How to Lose, Gently


There are places I remember

All my life, though some have changed

Some forever, not for better

Some have gone and some remain

All these places had their moments

With lovers and friends, I still can recall

Some are dead and some are living

In my life, I've loved them all

— “In my Life” by The Beatles


So many people I know are walking through an endless valley of loss right now — jobs, partners, homes, relationships, lives.

Big loss involves profound disorientation and a grief so relentless it can feel like it’s going to swallow you whole. Unfortunately, I’ve had to learn over and over (I can be a little slow on the uptake, y’all) that there is no shortcut through world-shifting loss.

You can try to squeeze all the melancholy and terror and rage into a teeny-tiny little box and drop it into the deepest part of the ocean a la that old lady from Titanic.  But grief is like a boomerang — throw it as far away from you as you can and that shit will always come back around.

So how do you lose gently?

How do you let go so you’re not dragged?

How do you open your hands and acquiesce to the thing leaving so that you’re not stuck clenched and gripping, grasping at nothing but air?

Soften.

Get as soft as you possibly can and then get even softer.

Stop bracing.  Stop scrambling. Stop looking for solid ground.  Stop thrashing and spasming with panicky prayers that this is just a nightmare that you’re going to wake up from eventually.

With tender and tearful resignation, let it in.  Let it ALL in.

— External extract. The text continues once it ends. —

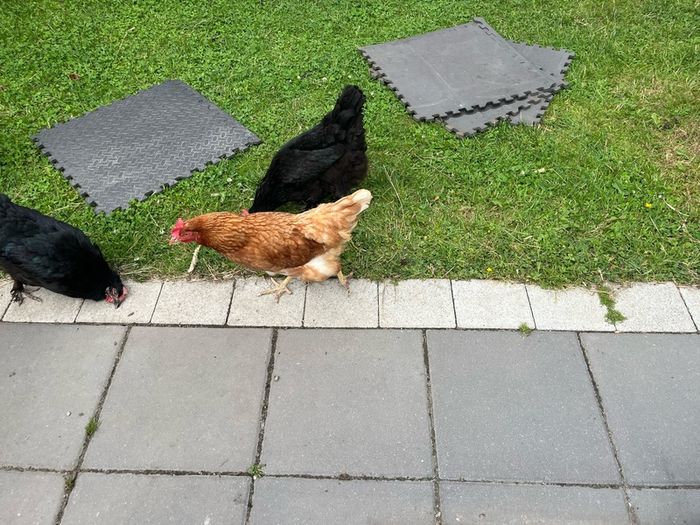 chicken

Not in some bullshit, spiritual-bypassing, contrived-equanimity way.  Not in an “I transcend this pain by surrendering to it” way.

Really let it in.

All the sadness and second-guessing, the desperation and the ache, the loneliness and the mess.  Stop trying to make it clean and organized and linear and palatable for yourself and for everyone else.

Let it hurt.

There is no easy way, honey bunny.  It’s gonna be awful all the way through.

Until it’s not.

Until one day you get a few breaths in a row that actually feel okay. That feel like… something other than pain or longing or regret.

A day or ten or a hundred later, it’s more than just a few breaths, it’s an hour or maybe longer.

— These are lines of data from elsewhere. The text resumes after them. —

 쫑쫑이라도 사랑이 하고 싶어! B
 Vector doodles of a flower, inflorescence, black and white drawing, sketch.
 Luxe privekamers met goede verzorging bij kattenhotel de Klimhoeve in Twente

And then suddenly, without even really noticing how or when it happened, you’re living in a space that feels more like acceptance and open-handedness more than grief and despair and stubborn clinging.

Someday maybe you eventually even get to a place where you can think about what you lost and hold it softly in the temple of your heart without feeling a deep and foundational tearing inside yourself.

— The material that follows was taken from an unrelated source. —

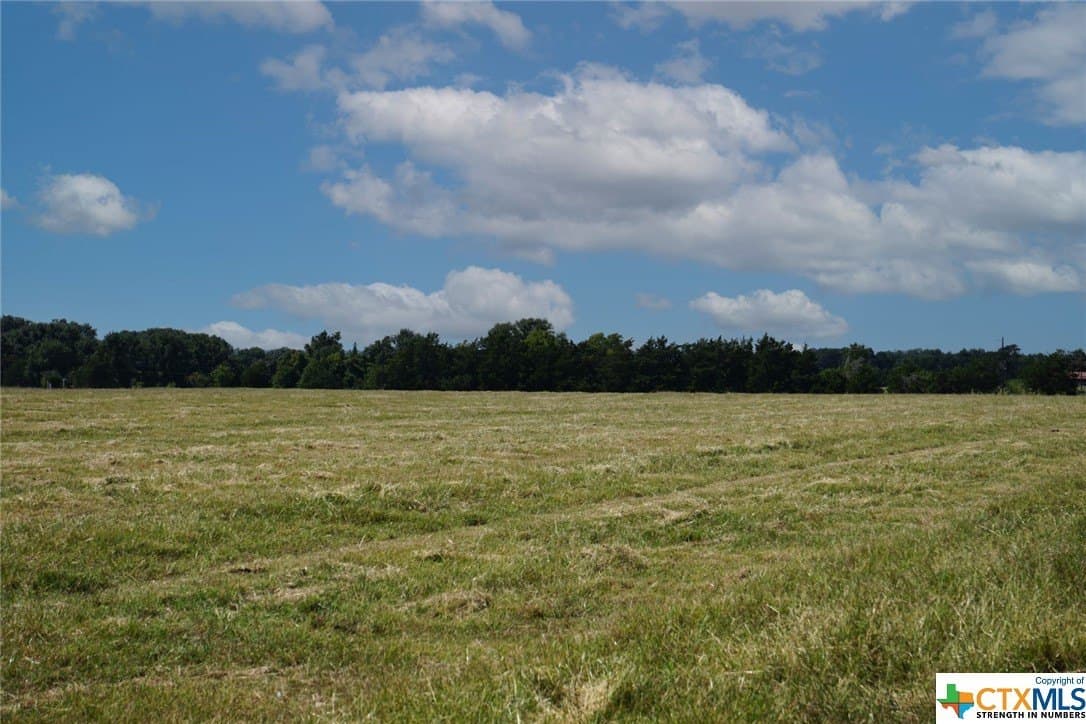 37 acres in Burleson County gallery image 2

You remember the joy of sunny Saturday mornings making waffles in the home that doesn’t belong to you anymore…

Your ex-partner’s goofy nickname for the beloved dog you adopted together when you still loved each other...

The incredible places you traveled thanks to the job that eventually laid you off...

Your late sister’s ear-piercing scream of elation when you got her Taylor Swift tickets for her 14th birthday...

Maybe you even feel quiet rush of gratitude and tenderness as these memories rise to the surface.

If you’re not there yet, That’s okay. Keep going and you will be.